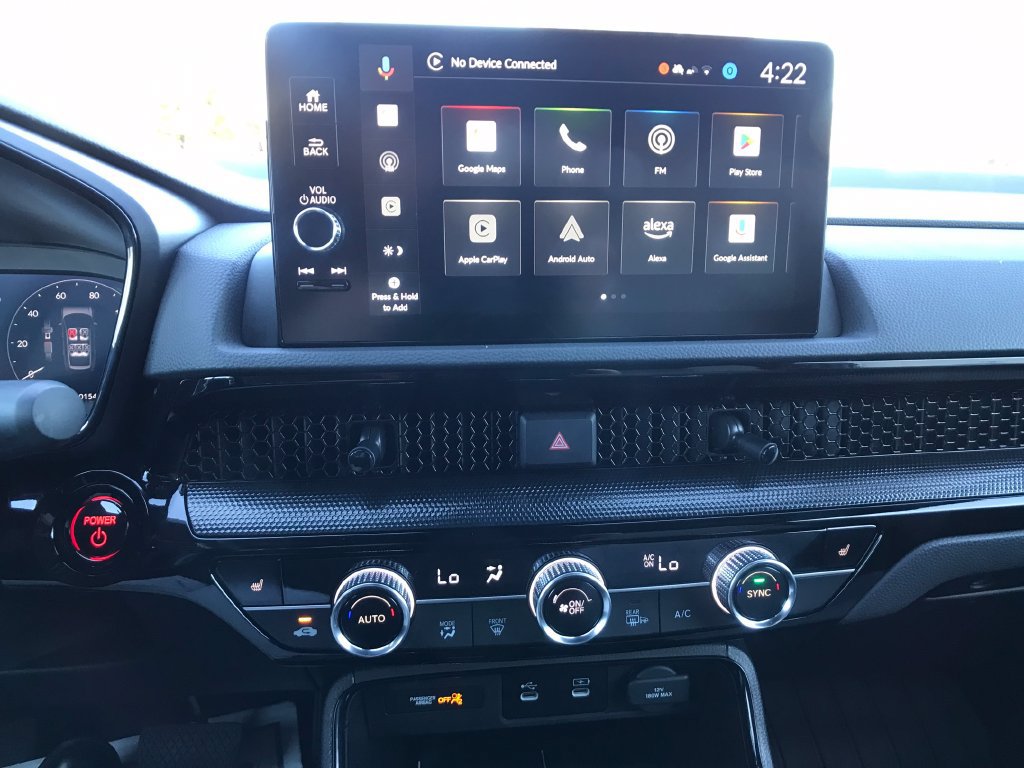 Certified 2026 Honda CR-V Sport Touring image 8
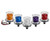 Federal Signal 224XST-024B 24VDC Blue Hazardous Location Supervised Electraray Strobe Light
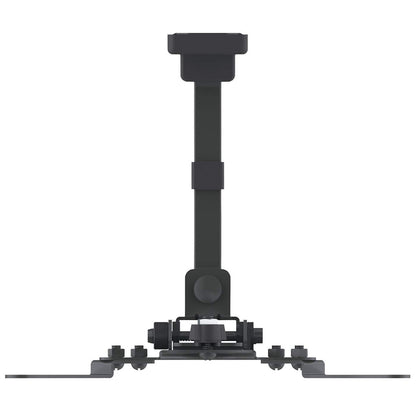 Manhattan Wall Mount for TV & Monitors (Tilt and Swivel 2 pivots), For screens 13" to 42", VESA compatibility: all between 75x75mm to 200x200mm - check the dimensions of the four mounting holes on back of screen to ensure it fits, Max 20kg, Bracket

#### THE PROBLEM
Output all of the data exactly. Skip the pictures.

#### RESULT FOR THIS TASK
 Certified 2026 Honda CR-V Sport Touring image 8
 Federal Signal 224XST-024B 24VDC Blue Hazardous Location Supervised Electraray Strobe Light
 Manhattan Wall Mount for TV & Monitors (Tilt and Swivel 2 pivots), For screens 13" to 42", VESA compatibility: all between 75x75mm to 200x200mm - check the dimensions of the four mounting holes on back of screen to ensure it fits, Max 20kg, Bracket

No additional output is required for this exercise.